The heat is on across the Midwest following a wonderful Memorial Day weekend. But with that warm weather comes a cool down in steel sheet prices. The price climb that we saw earlier this year has since stalled and reversed course slightly as some mills in the Great Lakes region return to normal production levels. This comes as we’re heading into the seasonally slower summer months.
Market sources say that despite lead time and healthy demand, it wasn’t enough to justify further price increases, especially with more supply available. Many companies were hit by production or supply chain disruptions earlier this year, but have since resumed normal production.
According to an article by Michael Cowden with American Metal Market, an increasing spread between prices in the rest of the world is also keeping a lid on domestic hot-rolled tags. One Midwest service center was quoted saying, “Mills are entitled to be profitable, but it’s not real and it won’t last if it gets too far out of whack. And North America has been finessing a higher price than other industrialized parts of the world, which has some people concerned.”

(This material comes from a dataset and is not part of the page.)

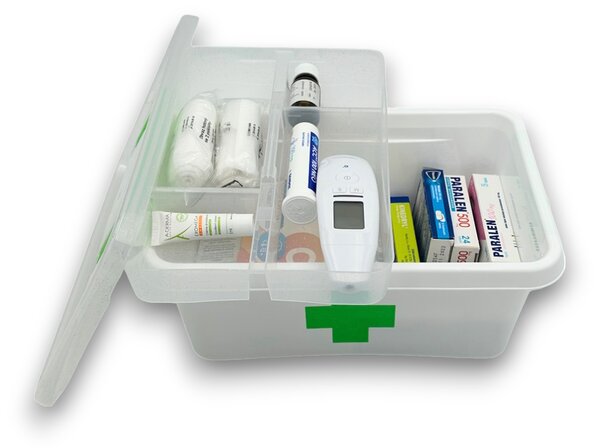 ALTOM Lekárnička, úložný box na lieky s vnoreným organizérom, 2v1, s rúčkou, antibakteriálna, 4.5l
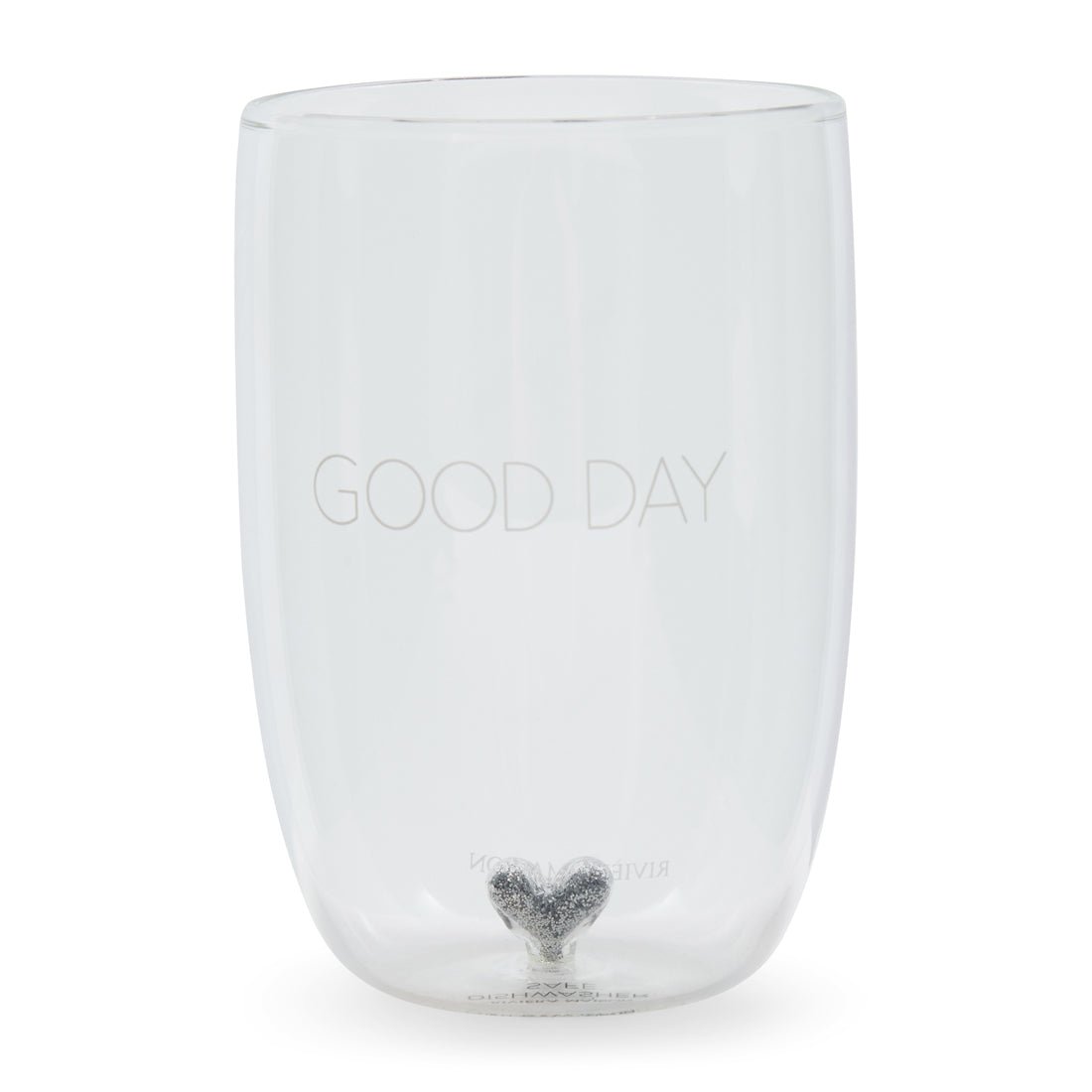 Wasserglas Transparent, mundgeblasen mit Herz und Silberglitzer, 12,5 cm hoch – Good Day T11 G55 | Rivièra Maison - Esszett Luxury | Stilvolles Wohnen mit Charakter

Another thought is that the “out-of-whack” prices might be cold-rolled from China. Cold-rolled imports from China have surged as prices continued to nose-dive. Market sources said that there was concern Chinese cold-rolled prices were getting unusually close to hot-rolled offerings from Russia.
Still, not everyone is feeling that this cool down in domestic steel prices will happen because we’re expected to have an increase in demand from the non-residential construction sector.
It will be interesting to watch and see whose predictions play out over then next several months.